The immunotherapy, pembrolizumab, is now available on the NHS for people with non-small cell lung cancer (NSCLC), after the National Institute of Health and Care Excellence (NICE) approved the drug for general commissioning.
The new drug could help up to 1,800 people every year
Previously available via the Cancer Drug Fund (CDF), this decision means pembrolizumab, will now be available as a first line treatment for patients whose tumours express, at least, 50% PDL1.
PDL1 is a biomarker commonly used to predict a person’s response to immune checkpoint inhibitors, like pembrolizumab.
The decision means the immunotherapy is the first drug to break the new budget threshold. The controversial policy allows NHS England to restrict or delay medicines that cost more than £20million per year, even if it is deemed cost-effective.
Pembrolizumab costs £84,000 per patient at full price. However, officials believe the prospect of such delays has help persuaded the drugmaker, MSD, to agree to a confidential discount to bring it below the threshold.
About 1,800 patients a year will now be eligible.
This really feels like the start of something new for us and for lung cancer patients. Up till now, funding for lung cancer has simply not been proportionate to the impact of this disease. This decision is a long time coming.Paula Chadwick, chief executive of Roy Castle Lung Cancer Foundation
Roy Castle Lung Cancer Foundation, the only UK charity dedicated solely to lung cancer, is delighted by the news:
“This really feels like the start of something new for us and for lung cancer patients,” said Paula Chadwick, chief executive of the Foundation who has always campaigned as the ‘voice’ of patients for treatments and funding.
Lung cancer kills over 35,000 people in the UK every year, and, up till now, funding for treatments, for patient care, for early detection, for prevention and for research has simply not been proportionate to the impact of this disease.
We have seen breakthrough moments for other cancers – that’s where the interest has often been – but not so much for lung cancer.
Pembrolizumab can offer patients an extra choice, a fresh option – and may extend their lives, giving them more time, and better quality of life, to spend with their families and their loved ones. How can you even put a price on that?
In the words of Becky Crossley, one of the patients we work with closely, and who has supported our campaigns, ‘Lung cancer can kill quickly. My husband and children face losing me within months. We want years.’
That’s the kind of fresh hope that pembrolizumab and the other new treatments coming into use now offer people living with lung cancer. Instead of it being a death sentence, now there’s new hope”.
How does pembrolizumab work?
Pembrolizumab is an immunotherapy, a new class of medicines that boost the body’s own natural defences against cancer.
The drug has been one of the focuses of this year’s American Society of Clinical Oncology’s (ASCO) Annual meeting in Chicago where the results of a large, randomised phase III trial showed the immunotherapy is a more effective initial treatment than chemotherapy for the majority of NSCLC patients.
Patients first treated with pembrolizumab lived, on average, 4-8 months longer than those who received chemotherapy.
They also had a better quality of life, with severe side effects occurring in fewer patients receiving the immunotherapy than chemotherapy (18% vs. 41%).

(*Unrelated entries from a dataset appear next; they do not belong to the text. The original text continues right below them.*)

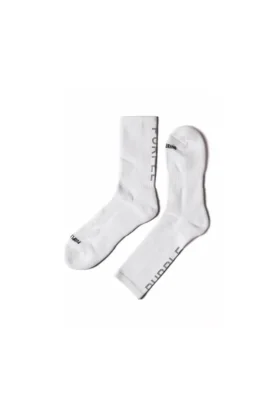 Crystal Crew Sock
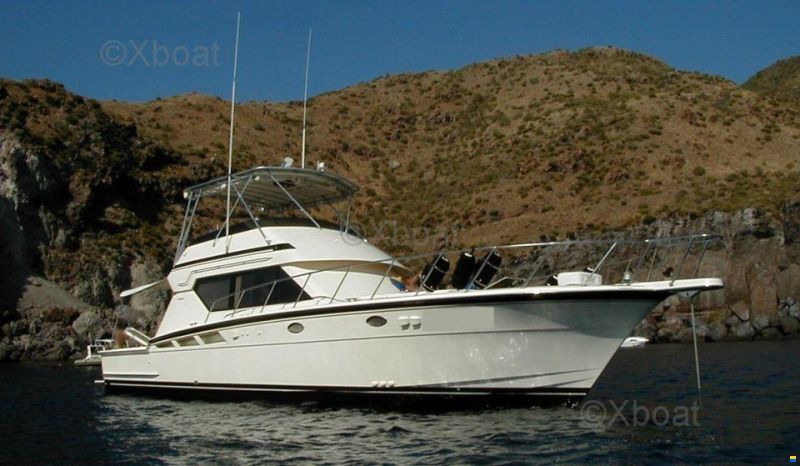 Hatteras 50 CONVERTIBLE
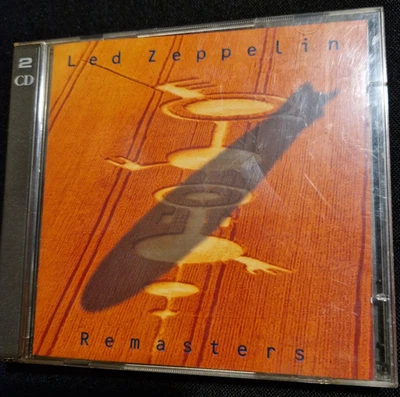 Led Zeppelin  Remasters 2 CD 1998   gebraucht sehr gut - Bild 1 von 4
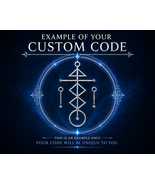 Custom Wealth Code Money Sigil- Income Increase,Business I Financial  Ac... - $389.00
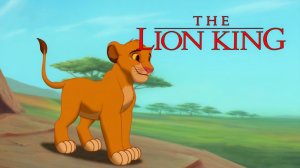 Король Лев анимация артов 53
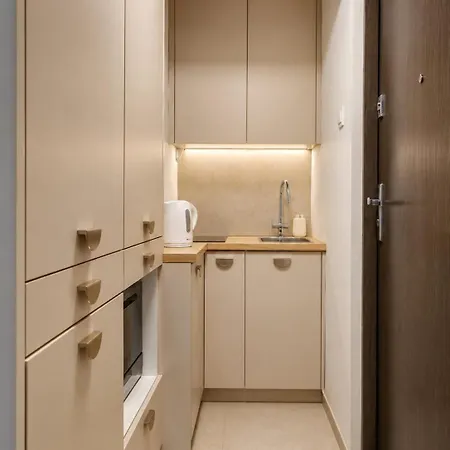 Appartement Brzezno Seaside By Elite Gdańsk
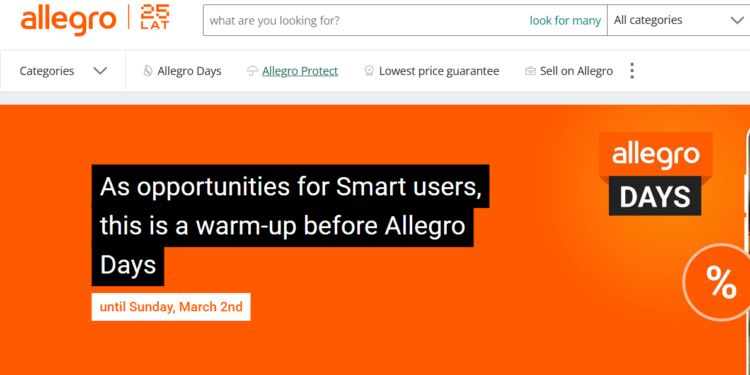 The Evolution of Allegro: From Marketplace to E-Commerce Giant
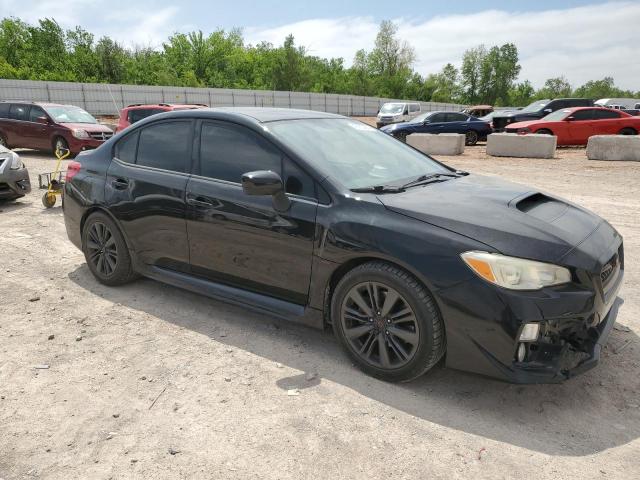 2015 Subaru Wrx Premium VIN: JF1VA1D64F9814444 Lot: 49963484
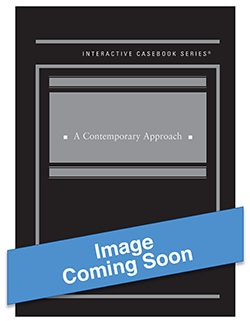Duncan, Turner, and Bahadur's Torts, A Contemporary Approach, 4th (Interactive Casebook Series)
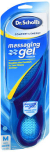 Dr. Scholl's Comfort & Energy Massaging Gel Insoles Men's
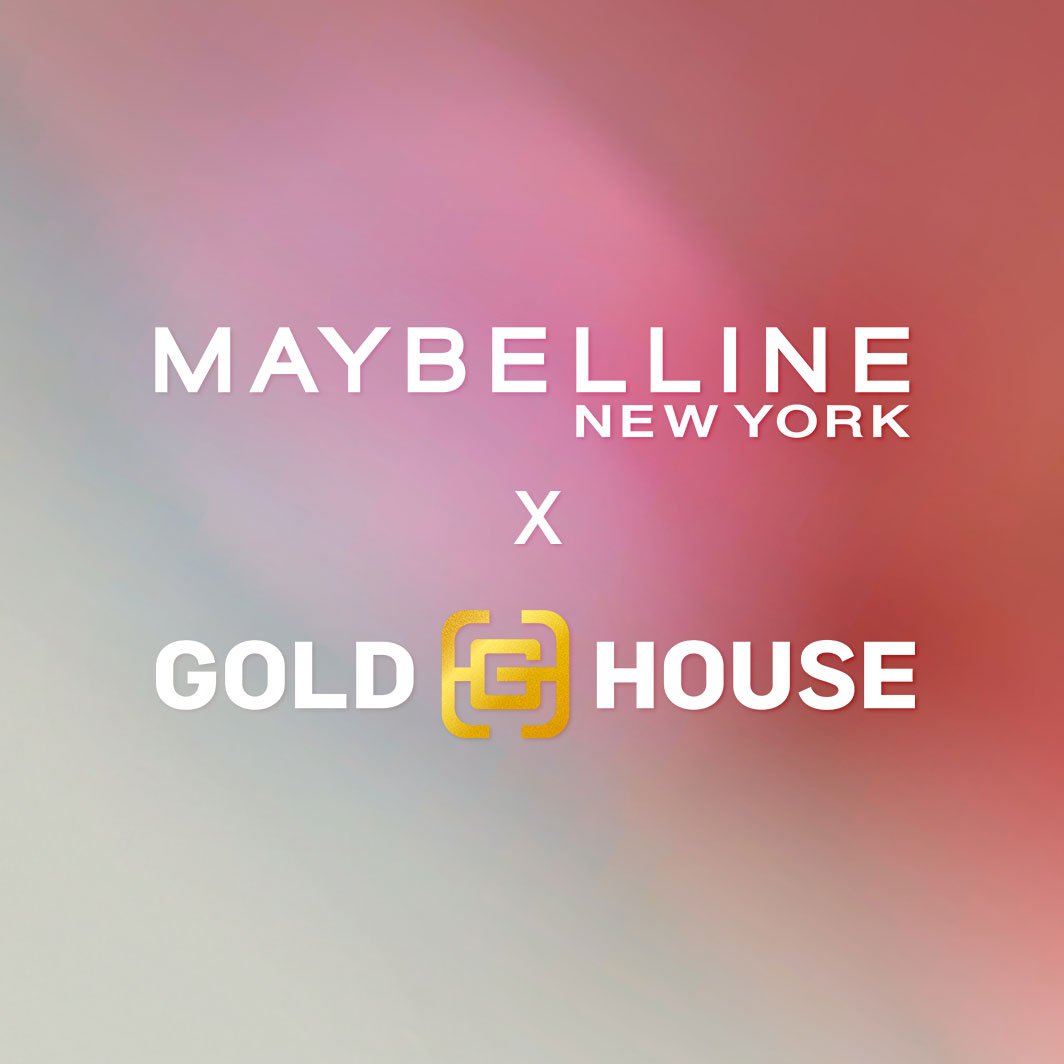 maybelline logo gold house logo 1064x1064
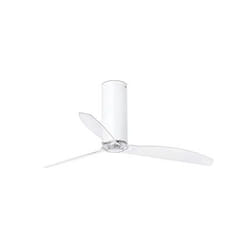 Faro 32033 ventilatore Trasparente, Bianco
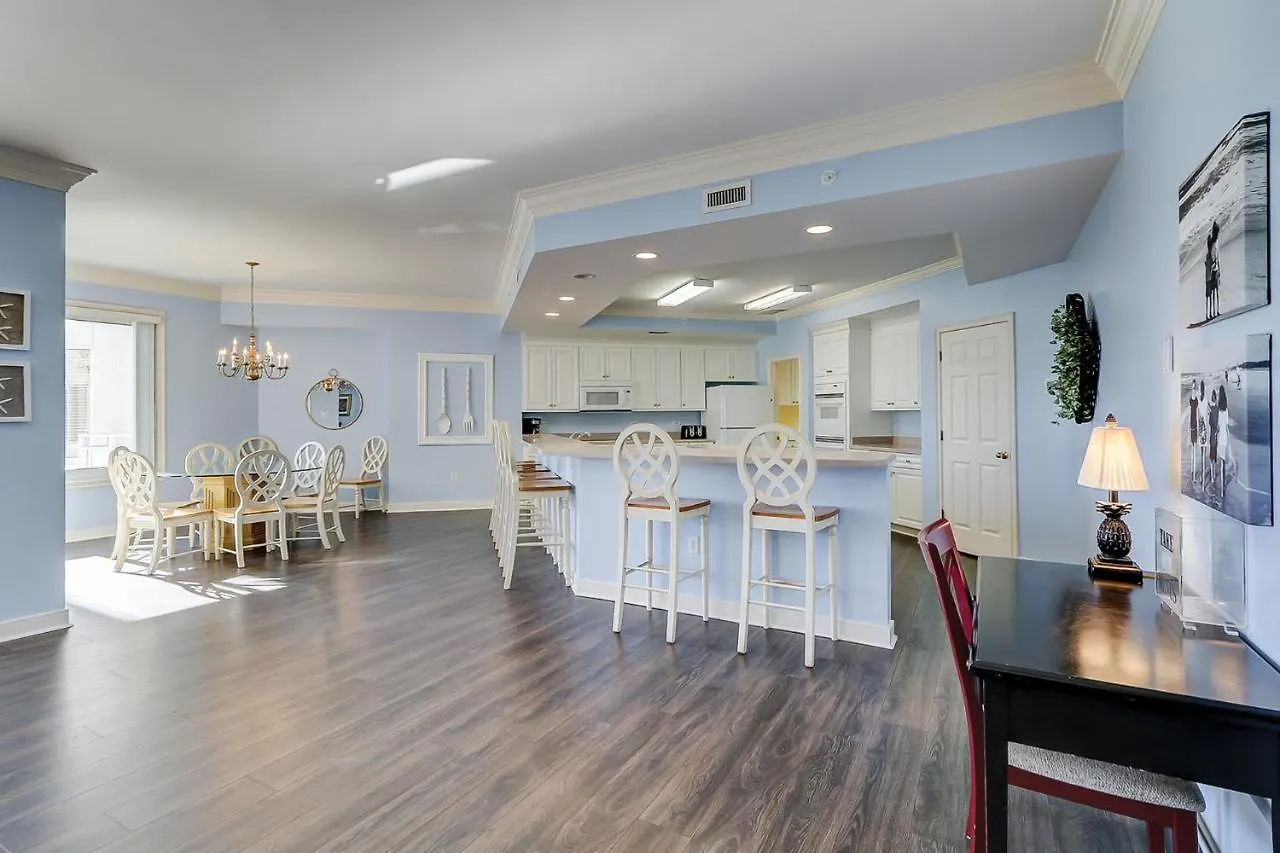 Seacrest - Unit Ph3 Holiday home Hilton Head Island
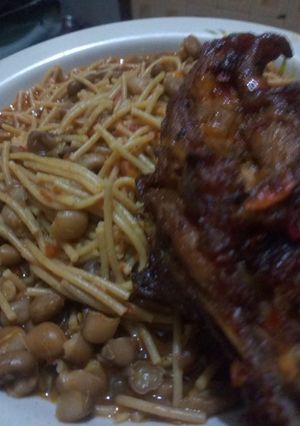 A picture of Spag.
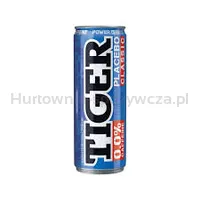 Tiger Placebo Classic Bez Kofeiny 250 Ml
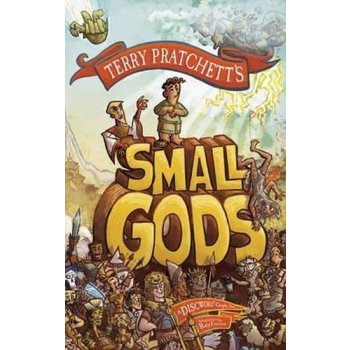 Small Gods: A Discworld Graphic Novel - Discwo... - Terry Pratchett, Ray Friesen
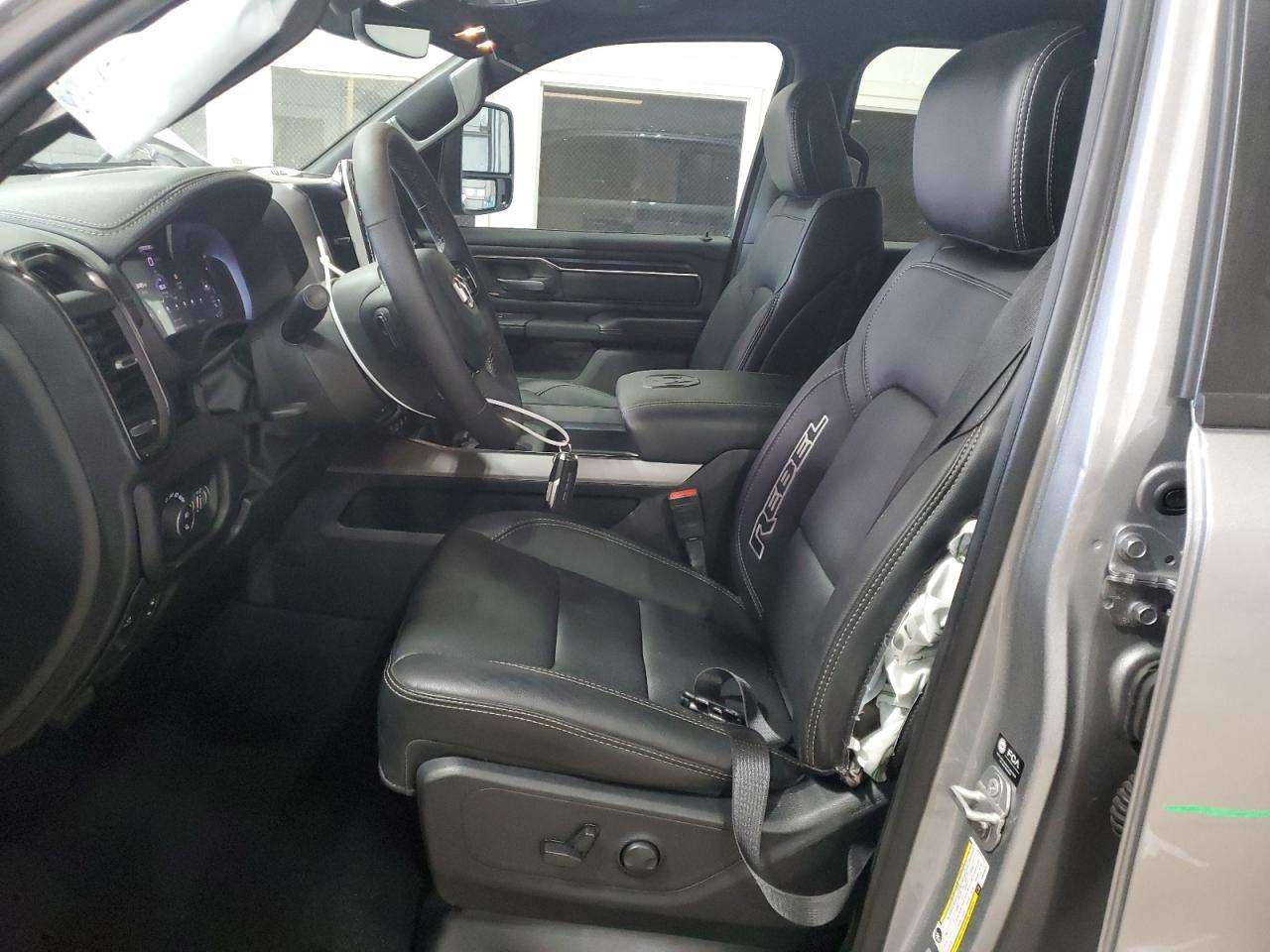 2025 Ram 1500 Rebel - Фото 7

We all know how gruelling chemotherapy can be on a patient so that there is now a new treatment option which minimising the side effects and lengthens life is fantastic news for hundreds of patients and their families.
The study’s lead author and medical oncologist at the Sylvester Comprehensive Cancer Center at the University of Miami, Gilberto Lopes MD MBA, explains:
“A large number of patients with lung cancer now have a new treatment option with better efficacy and fewer side effects than standard chemotherapy.
“Our study shows that pembrolizumab provides more benefit than chemotherapy for two thirds of all people with the most common type of lung cancer.”
About the study
According to the authors, this study is the largest clinical trial of pembrolizumab as a standalone therapy.
The study involved 1,274 people with locally advanced or metastatic NSCLC who were randomly assigned chemotherapy (paclitaxel plus carboplatin or pemetrexed plus carboplatin) or pembrolizumab.
Researchers also explored the treatment benefits based on PDL1 expression. It found that patients with higher PDL1 expression lived, on average, for longer:
PDL1 50% or more: 20 months with pembrolizumab vs. 12.2 months with chemotherapy PDL1 20% or more: 17.7 months with pembrolizumab vs. 13 months with chemotherapy PDL1 1% or more: 16.7 months with pembrolizumab vs. 12.1 months with chemotherapy.
Paula Chadwick continues:
“The latest research coming out of the ASCO conference suggests that pembrolizumab not only gives people with lung cancer more time with their families but quality time.
“We all know how gruelling chemotherapy can be on a patient so that there is now a new treatment option which minimising the side effects and lengthens life is fantastic news for hundreds of patients and their families.”